La conversación prosiguió un buen rato en el mismo tono, mas no hubo nada que hacer. El cónsul estaba decidido, aun cuando no confesara la razón, a meterse en la trampa persa, costara lo que costase. Murad, con la muerte en el alma, acabó por acceder a prestar su ayuda para que se consumara tan trágico destino. Puso a disposición del cónsul un carruaje que había hecho construir antaño a su medida y que al presente se hallaba en desuso en la cuadra del albergue. Solo puso una condición: que aquel vehículo no entrase en la ciudad de Ispahán y que regresara con su postillón tras haber dejado al cónsul a sus puertas.

A medida que avanzaba la noche, algo similar a la confianza había acabado por surgir entre los dos hombres. El señor De Maillet estaba ahora convencido de que el pobre Murad era inofensivo e incluso benévolo. Se decidió a pedirle ayuda con respecto a una cuestión que le preocupaba desde su partida de Roma. El cónsul había dicho la verdad: verse encerrado en Ispahán no le daba miedo, aunque allí le aguardase la muerte. Sin embargo, no quería que junto con su persona desapareciese toda huella de su misión y de los compromisos que a su respecto había contraído con el cardenal. Había concebido las líneas generales de una memoria secreta en la que expondría todo el asunto, desde el dudoso chantaje de la concubina hasta la petición que dirigía al papa en relación con su libro. No obstante, ¿dónde depositar semejante documento con la certeza de que estaría seguro?

—Le quedo muy agradecido por sus bondades, mi querido Murad —dijo el cónsul tras una larga reflexión—. ¿Me permite que le pida un último favor?

—Se lo ruego. Todo cuanto esté en mi mano y que pueda resultarle de ayuda.

—Se trata de lo siguiente: ¿podría poner a mi disposición un cofre de seguridad y confiarme la llave?

—¿Un escriño? Elija uno de los que hay debajo de la cama; encontrará dos, de distinto tamaño.

El señor De Maillet escogió el más pequeño de los dos cofres y lo levantó con esfuerzo para depositarlo entre los cuencos de pistachos, casi vacíos. Murad rebuscó bajo su túnica y sacó dos llavecitas.

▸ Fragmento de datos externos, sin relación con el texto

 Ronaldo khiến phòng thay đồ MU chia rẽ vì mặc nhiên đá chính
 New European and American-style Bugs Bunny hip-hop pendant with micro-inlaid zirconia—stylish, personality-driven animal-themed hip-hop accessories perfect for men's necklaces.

—Meta los papeles que contiene en el otro, el más grande, y quédese con este. Es suyo.

—Le doy mis más expresivas gracias —dijo el señor De Maillet, muy emocionado por haber dado con la solución a sus dificultades—. Mañana por la mañana se lo devolveré cerrado y me quedaré con la llave. Si me ocurriera alguna desgracia, es decir, si llegase a encontrarme en tan grave peligro como usted afirma, le haré llegar esta llave, y cuento con usted para hacer públicos esos documentos y enviarlos a la dirección que figurará en ellos.

Murad así se lo prometió. La sorpresa y la excitación de aquel reencuentro le habían fatigado, de modo que el cónsul dejó que se adormeciese y aprovechó la ocasión para regresar a su cuarto y poner inmediatamente en marcha su proyecto.

Media hora más tarde, sin duda enviada por su amo el embajador, Leandra acudió a frotar suavemente el extremo de una trenza contra la puerta del cónsul con gemidos que no dejaban lugar a engaño. Pero este, ocupado en escribir, apenas la oyó y no se dignó abrir.